Items listed in a dataset:
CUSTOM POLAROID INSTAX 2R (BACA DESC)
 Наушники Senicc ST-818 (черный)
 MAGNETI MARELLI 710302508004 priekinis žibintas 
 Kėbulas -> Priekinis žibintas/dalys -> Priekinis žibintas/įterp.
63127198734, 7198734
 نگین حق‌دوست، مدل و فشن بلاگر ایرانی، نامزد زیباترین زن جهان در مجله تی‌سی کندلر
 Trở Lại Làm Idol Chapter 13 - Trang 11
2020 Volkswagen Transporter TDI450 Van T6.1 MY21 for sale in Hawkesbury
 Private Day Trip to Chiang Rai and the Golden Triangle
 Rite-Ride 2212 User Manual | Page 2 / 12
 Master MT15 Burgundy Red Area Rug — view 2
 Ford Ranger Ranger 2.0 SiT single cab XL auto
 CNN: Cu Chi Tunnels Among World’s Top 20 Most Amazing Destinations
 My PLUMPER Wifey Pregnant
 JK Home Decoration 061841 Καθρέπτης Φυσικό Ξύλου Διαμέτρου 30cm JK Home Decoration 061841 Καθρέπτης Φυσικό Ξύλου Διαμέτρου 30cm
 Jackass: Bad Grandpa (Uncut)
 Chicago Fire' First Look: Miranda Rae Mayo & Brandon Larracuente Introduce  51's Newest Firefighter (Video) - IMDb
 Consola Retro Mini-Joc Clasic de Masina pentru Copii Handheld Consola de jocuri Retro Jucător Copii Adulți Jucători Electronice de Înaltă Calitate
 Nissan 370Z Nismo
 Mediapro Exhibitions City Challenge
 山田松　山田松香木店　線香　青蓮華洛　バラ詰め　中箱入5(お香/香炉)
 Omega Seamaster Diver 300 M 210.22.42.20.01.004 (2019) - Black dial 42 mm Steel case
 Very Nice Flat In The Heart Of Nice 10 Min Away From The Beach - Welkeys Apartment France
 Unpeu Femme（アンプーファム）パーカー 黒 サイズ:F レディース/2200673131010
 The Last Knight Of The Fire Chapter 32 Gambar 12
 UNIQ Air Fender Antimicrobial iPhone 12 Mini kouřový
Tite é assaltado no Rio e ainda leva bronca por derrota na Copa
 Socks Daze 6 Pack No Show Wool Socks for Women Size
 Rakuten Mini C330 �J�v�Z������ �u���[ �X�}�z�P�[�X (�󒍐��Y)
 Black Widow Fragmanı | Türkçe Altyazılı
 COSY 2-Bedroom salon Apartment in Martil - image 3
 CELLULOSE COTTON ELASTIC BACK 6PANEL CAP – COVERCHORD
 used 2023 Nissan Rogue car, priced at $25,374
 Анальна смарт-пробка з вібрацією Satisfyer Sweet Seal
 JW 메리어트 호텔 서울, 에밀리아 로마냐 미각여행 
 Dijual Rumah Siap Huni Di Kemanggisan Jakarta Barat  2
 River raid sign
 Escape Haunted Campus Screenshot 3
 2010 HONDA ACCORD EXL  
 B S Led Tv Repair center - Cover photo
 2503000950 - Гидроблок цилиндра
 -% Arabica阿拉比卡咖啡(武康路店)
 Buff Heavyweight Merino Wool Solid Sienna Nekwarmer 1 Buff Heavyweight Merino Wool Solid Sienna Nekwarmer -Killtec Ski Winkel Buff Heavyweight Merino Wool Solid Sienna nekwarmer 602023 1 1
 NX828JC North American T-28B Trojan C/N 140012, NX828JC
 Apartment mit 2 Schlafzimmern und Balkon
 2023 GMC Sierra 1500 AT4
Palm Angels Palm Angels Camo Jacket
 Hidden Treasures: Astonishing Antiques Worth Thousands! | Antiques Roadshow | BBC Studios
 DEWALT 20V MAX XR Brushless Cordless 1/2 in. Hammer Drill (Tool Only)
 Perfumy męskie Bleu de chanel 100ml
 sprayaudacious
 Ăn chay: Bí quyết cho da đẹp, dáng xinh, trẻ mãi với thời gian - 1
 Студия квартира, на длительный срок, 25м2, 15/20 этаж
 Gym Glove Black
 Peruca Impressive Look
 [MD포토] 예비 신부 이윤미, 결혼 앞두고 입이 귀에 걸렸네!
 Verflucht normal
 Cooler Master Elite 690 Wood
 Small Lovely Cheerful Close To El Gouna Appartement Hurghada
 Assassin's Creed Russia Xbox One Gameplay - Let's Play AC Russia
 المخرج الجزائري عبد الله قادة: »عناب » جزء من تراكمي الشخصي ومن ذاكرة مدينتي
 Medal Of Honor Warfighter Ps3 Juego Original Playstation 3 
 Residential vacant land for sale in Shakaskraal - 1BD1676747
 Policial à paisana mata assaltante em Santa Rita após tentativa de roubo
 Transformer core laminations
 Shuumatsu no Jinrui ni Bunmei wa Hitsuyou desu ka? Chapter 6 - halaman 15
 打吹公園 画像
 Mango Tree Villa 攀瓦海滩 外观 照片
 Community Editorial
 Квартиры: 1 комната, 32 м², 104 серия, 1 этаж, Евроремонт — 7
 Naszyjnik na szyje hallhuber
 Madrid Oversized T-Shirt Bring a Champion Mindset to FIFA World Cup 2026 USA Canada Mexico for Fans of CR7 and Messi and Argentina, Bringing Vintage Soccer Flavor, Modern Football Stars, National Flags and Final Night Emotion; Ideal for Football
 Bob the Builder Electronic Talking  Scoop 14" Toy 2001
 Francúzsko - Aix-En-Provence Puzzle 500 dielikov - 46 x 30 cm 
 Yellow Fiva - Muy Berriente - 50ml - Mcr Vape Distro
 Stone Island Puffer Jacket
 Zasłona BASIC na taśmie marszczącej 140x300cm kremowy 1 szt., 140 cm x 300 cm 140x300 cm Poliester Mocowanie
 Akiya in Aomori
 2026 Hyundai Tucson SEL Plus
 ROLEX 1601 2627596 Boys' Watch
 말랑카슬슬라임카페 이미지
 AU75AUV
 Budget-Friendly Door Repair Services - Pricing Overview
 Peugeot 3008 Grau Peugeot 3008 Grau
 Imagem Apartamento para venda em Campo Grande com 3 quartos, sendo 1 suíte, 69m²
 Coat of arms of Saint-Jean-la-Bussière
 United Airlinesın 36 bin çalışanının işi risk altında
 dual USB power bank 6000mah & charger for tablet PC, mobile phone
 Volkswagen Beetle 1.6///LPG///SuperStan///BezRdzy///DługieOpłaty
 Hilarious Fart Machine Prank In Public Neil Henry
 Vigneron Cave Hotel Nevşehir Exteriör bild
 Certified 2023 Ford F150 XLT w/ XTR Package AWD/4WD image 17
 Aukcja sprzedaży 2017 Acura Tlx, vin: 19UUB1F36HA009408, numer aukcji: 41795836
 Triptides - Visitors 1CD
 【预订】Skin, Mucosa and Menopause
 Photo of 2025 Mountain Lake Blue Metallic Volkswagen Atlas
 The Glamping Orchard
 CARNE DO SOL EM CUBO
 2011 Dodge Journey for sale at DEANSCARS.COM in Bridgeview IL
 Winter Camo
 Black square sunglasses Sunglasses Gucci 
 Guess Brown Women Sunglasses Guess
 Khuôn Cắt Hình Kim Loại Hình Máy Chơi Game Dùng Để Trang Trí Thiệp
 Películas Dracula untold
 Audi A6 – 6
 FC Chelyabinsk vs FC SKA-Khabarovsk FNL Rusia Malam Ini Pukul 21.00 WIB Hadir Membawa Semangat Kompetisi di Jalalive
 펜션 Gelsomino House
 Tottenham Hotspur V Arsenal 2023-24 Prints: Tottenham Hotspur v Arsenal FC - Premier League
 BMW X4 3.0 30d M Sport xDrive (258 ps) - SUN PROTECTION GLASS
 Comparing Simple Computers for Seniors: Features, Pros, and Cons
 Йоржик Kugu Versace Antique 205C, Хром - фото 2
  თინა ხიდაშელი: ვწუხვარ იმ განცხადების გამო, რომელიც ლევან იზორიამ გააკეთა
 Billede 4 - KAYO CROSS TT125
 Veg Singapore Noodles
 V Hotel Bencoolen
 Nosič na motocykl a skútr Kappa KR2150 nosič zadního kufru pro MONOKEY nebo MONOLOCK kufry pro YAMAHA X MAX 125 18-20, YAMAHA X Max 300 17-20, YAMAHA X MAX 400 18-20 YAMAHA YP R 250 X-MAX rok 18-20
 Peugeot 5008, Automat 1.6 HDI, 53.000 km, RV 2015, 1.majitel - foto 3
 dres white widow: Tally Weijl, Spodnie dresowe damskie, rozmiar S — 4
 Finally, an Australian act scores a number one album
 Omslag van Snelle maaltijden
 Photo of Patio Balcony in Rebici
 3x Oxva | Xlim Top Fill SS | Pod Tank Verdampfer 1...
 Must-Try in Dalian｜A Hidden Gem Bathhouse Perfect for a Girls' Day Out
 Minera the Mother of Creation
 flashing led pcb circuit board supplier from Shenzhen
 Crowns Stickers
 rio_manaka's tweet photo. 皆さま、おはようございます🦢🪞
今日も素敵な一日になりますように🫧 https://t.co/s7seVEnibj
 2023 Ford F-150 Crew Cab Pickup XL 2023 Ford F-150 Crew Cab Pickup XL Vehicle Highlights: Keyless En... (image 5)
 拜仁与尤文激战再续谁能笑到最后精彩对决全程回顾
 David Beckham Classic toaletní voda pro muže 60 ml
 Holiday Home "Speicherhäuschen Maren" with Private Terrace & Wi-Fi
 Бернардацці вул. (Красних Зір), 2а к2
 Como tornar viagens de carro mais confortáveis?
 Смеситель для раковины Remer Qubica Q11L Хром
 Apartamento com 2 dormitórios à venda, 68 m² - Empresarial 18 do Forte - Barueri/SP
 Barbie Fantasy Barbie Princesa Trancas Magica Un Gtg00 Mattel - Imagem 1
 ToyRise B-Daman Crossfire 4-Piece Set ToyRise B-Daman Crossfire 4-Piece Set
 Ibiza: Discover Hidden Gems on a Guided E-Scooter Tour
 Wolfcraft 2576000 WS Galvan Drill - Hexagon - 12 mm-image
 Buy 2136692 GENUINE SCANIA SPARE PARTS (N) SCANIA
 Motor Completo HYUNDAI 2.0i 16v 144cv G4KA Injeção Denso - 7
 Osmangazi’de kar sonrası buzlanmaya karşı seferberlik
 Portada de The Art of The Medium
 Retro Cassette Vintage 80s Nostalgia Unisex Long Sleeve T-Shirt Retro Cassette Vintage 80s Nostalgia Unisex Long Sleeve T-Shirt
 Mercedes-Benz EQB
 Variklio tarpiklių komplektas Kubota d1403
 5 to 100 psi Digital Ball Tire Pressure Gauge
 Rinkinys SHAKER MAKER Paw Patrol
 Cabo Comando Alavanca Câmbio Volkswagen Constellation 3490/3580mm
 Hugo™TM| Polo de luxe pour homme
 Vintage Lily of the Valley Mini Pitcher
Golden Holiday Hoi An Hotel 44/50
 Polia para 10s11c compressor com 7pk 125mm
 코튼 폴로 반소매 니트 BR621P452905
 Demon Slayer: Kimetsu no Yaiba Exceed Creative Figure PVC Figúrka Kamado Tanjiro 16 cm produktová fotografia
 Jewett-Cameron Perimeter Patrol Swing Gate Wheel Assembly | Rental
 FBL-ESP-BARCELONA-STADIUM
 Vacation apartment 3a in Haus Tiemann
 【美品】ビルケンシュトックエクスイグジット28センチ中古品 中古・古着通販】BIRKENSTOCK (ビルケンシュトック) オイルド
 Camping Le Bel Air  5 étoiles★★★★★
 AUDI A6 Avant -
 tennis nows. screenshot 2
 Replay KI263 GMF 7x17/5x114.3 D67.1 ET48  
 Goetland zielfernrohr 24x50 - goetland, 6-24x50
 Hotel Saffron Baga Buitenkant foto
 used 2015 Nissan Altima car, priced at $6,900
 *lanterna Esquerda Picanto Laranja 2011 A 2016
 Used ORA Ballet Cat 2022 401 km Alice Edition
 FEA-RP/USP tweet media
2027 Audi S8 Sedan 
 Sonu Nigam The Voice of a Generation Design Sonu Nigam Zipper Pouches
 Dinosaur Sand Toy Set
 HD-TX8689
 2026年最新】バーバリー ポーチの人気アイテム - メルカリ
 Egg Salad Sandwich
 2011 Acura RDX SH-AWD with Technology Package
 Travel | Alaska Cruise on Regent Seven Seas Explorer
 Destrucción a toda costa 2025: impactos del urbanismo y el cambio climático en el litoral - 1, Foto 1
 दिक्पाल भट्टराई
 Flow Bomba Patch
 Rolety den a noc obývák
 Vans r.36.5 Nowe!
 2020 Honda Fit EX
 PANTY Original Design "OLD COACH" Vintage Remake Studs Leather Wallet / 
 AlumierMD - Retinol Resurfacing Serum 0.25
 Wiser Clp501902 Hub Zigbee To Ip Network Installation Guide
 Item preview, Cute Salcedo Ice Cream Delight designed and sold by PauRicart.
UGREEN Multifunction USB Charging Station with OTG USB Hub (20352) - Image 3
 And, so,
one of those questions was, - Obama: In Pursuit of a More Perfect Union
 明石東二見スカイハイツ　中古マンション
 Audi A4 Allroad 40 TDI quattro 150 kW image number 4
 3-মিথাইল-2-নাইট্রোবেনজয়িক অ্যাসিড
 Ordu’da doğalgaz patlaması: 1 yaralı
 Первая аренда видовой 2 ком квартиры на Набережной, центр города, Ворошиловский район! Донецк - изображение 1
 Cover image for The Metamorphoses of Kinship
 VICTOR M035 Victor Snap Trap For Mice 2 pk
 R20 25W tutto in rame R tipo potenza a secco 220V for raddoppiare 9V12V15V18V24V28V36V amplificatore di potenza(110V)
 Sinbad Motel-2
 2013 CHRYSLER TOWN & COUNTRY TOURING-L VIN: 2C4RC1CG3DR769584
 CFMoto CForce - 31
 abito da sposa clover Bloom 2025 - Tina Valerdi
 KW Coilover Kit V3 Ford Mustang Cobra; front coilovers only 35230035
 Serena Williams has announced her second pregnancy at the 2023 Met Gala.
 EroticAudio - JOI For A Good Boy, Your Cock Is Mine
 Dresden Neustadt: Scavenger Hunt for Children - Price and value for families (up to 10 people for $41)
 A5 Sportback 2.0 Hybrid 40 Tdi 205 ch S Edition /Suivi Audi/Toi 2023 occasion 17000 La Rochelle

What the exercise asks: In the lines above, find the word "Retro" and copy each line that contains it.

Answer for the task:
 Consola Retro Mini-Joc Clasic de Masina pentru Copii Handheld Consola de jocuri Retro Jucător Copii Adulți Jucători Electronice de Înaltă Calitate
 Retro Cassette Vintage 80s Nostalgia Unisex Long Sleeve T-Shirt Retro Cassette Vintage 80s Nostalgia Unisex Long Sleeve T-Shirt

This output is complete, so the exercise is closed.